Search code examples
pythontensorflowmultiprocessing

How to prevent multiprocessing from inheriting imports and globals?


I'm using multiprocessing in a larger code base where some of the import statements have side effects. How can I run a function in a background process without having it inherit global imports?

# helper.py:

print('This message should only print once!')
# main.py:

import multiprocessing as mp
import helper  # This prints the message.

def worker():
  pass  # Unfortunately this also prints the message again.

if __name__ == '__main__':
  mp.set_start_method('spawn')
  process = mp.Process(target=worker)
  process.start()
  process.join()

Background: Importing TensorFlow initializes CUDA which reserves some amount of GPU memory.

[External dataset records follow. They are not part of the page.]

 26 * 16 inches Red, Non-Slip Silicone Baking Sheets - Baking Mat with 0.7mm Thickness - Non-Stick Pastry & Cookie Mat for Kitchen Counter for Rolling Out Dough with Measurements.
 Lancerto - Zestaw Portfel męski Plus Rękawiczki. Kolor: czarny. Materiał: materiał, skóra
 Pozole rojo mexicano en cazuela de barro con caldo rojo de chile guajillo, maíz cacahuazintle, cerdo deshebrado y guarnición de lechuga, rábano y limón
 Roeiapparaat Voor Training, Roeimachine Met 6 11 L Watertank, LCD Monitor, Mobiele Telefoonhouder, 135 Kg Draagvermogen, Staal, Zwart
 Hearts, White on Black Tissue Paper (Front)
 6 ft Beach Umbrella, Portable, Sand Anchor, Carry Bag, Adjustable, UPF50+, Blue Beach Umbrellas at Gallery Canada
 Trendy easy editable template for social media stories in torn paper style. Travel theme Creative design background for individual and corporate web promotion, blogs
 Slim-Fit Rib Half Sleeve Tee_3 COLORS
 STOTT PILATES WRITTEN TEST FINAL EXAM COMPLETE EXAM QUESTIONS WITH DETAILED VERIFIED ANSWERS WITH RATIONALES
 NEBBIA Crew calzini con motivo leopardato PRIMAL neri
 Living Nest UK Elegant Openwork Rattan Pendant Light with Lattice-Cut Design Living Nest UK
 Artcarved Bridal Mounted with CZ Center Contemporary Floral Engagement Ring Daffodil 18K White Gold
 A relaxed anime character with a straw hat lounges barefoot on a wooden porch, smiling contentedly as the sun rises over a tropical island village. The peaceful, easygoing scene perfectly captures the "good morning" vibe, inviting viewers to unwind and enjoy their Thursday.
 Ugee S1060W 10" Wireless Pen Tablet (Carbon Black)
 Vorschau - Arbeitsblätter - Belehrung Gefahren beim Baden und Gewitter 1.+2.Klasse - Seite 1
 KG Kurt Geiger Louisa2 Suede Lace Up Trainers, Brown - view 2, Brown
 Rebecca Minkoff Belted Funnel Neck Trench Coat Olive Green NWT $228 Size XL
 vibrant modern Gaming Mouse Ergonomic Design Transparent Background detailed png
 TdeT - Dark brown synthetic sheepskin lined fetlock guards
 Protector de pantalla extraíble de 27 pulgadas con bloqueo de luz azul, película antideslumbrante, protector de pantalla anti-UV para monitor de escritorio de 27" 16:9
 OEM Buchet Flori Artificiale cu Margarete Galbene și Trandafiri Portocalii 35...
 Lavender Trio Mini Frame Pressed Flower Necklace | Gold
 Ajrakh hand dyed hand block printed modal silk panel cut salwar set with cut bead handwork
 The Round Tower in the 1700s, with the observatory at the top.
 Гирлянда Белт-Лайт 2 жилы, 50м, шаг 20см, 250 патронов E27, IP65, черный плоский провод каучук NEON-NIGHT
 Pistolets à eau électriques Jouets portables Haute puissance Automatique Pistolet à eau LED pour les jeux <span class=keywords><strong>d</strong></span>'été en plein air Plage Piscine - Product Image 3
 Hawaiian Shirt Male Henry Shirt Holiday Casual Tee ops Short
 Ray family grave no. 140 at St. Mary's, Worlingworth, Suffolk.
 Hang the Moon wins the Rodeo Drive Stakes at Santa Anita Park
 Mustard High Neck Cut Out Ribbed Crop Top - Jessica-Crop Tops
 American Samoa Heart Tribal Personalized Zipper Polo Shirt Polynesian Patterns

As a result, spawing too many processes leads to a CUDA OOM error, even though the processes don't use TensorFlow.

Similar question without an answer:


Solution

  • Is there a resources that explains exactly what the multiprocessing module does when starting an mp.Process?

    Super quick version (using the spawn context not fork)

    Some stuff (a pair of pipes for communication, cleanup callbacks, etc) is prepared then a new process is created with fork()exec(). On windows it's CreateProcessW(). The new python interpreter is called with a startup script spawn_main() and passed the communication pipe file descriptors via a crafted command string and the -c switch. The startup script cleans up the environment a little bit, then unpickles the Process object from its communication pipe. Finally it calls the run method of the process object.

    So what about importing of modules?

    Pickle semantics handle some of it, but __main__ and sys.modules need some tlc, which is handled here (during the "cleans up the environment" bit).